Closed asmeurer closed 10 years ago
Correct, this is just a first order Markov chain. However, extending it to be an n-th order chain is not just as simple as changing the way words are split, as a failing lookup for "The sky" should fall back to the next best thing: guessing solely based on "sky". (So a "correct" n-th order Markov chain needs to save all information that an (n-1)-th order chain needs, and then some.) It's not impossibly hard to implement, it's just something I haven't gotten around to doing :)
If you're specifically looking for an n-th order markov chain and don't want to wait until I get around to doing this (or doing it yourself), you might want to check out the implementation at
https://github.com/Kha/err-babble-bot/blob/master/markov.py
I don't know how nice it is to use, but I've been told it's not that specialized as to be useless outside of that repo.
Depending on how bored I get, I might do it. Could be fun to learn more about Markov chains. Is there a good theoretical reference? Just Wikipedia?

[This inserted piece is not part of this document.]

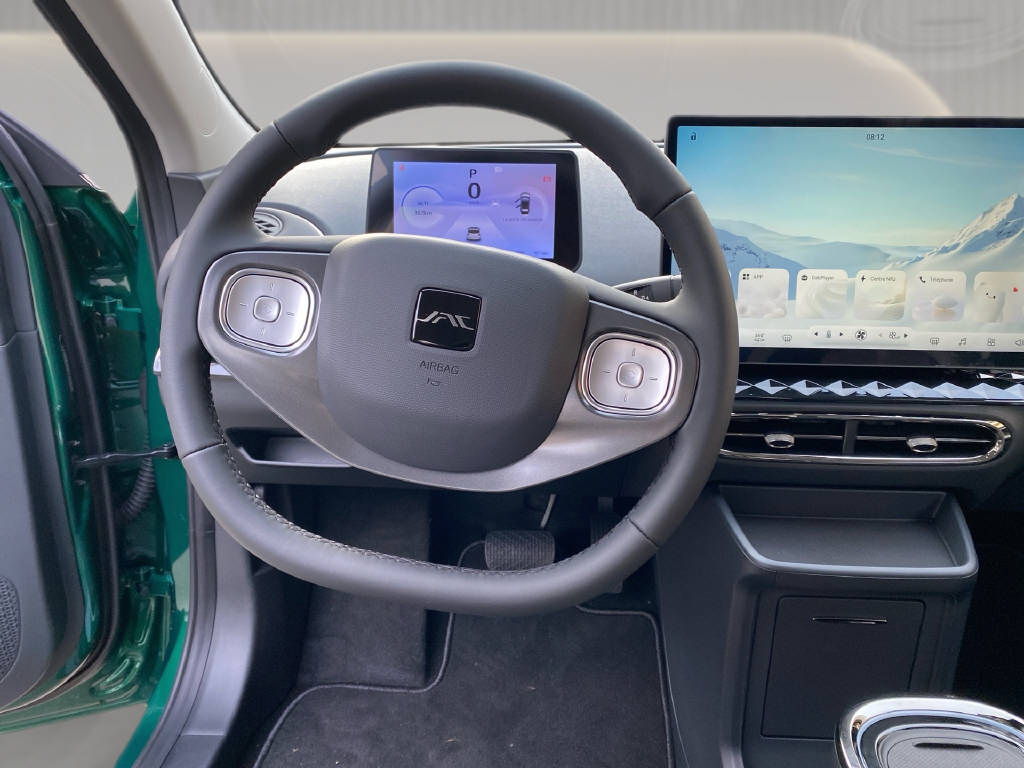 JAC E30X 51,5 kWh Electric-image-12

What is the correct way to "fall back"? Should it first try n, and if there are no matches, then n - 1, and so on, or should it lump them all together somehow (and if so, should it somehow give the longer strings higher probabilities than the lower ones)?
I have started this at https://github.com/TehMillhouse/PyMarkovChain/pull/11.

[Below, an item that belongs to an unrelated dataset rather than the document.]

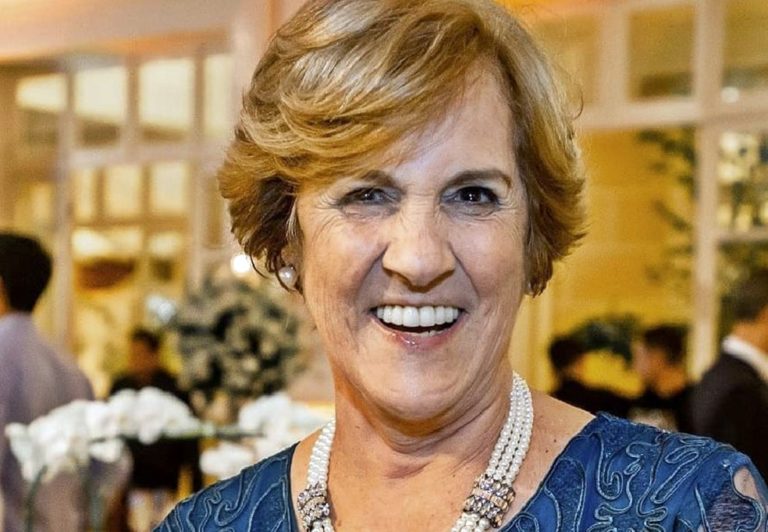 Morre a jornalista Lurdinha Camilo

I haven't yet written the text generation part, because I am not sure how to best do it (see the previous comment). Is there a mathematically "official" way to do it, based on the Markov theory?
I played with the err-babble thing with my data. It seemed to generate only sentences that were directly from the source text. I guess it placed too high of an emphasis on very long order strings.

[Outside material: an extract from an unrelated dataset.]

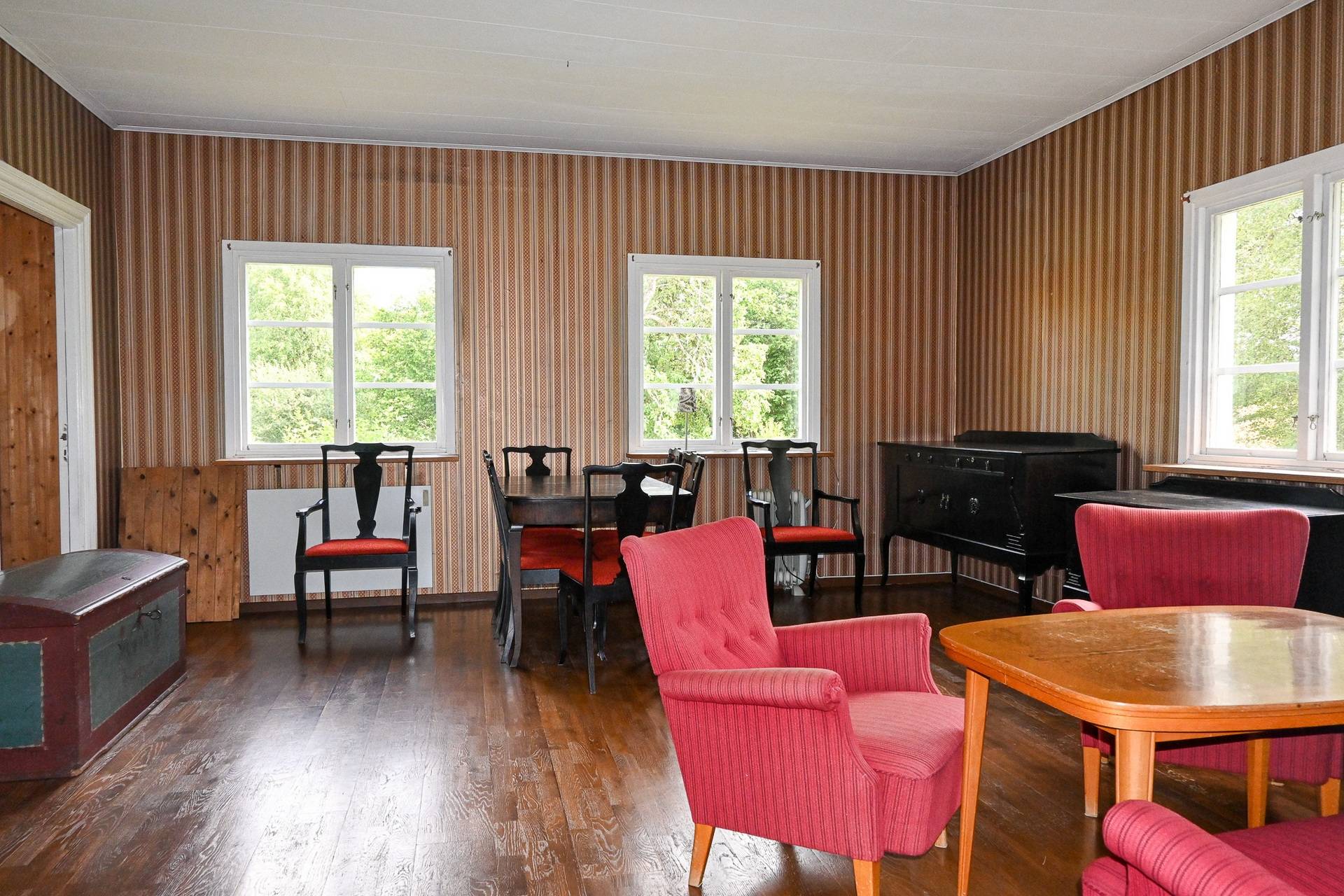 5 rum Villa på Stekaremåla 102 Stekaremåla Emmaboda kommun - bild 10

I went with the "first try n, then if there are no matches n - 1, and so on" strategy.
By the way, n=2
appears to have a huge increase in comprehensibility over n=1
. I'm skeptical whether I should even try larger n
than that. It will probably just start giving me source sentences, especially given the strategy I am using.
As for the "official" way, the only defining characteristic of Markov chains is that their future states only depend on past states (modulo non-determinism). Apart from that it's pretty much free game.
And yeah, depending on your source corpus, your goals and the variability of the sentences you fed into the chain, high values of n won't give you much. The trick's striking a balance, and I'd guess depending on how large your chat log is, n=2
or n=3
might be a good tradeoff.
Well I'm pretty happy with what my implementation is giving me (n=2 with choosing 2 first and only 1 if there is no match for 2).
If I understand the code for this correctly, this is just a first order Markov chain. So for instance, if you have a sentence, "The sky is blue", it maps "The" -> "sky", "sky" -> "is", and "is" -> "blue". A higher order one would also consider "The sky" -> "is", "sky is" -> "blue", and so on. A keyword argument to specify the order would probably be best, as there are probably disadvantages of having orders be too high.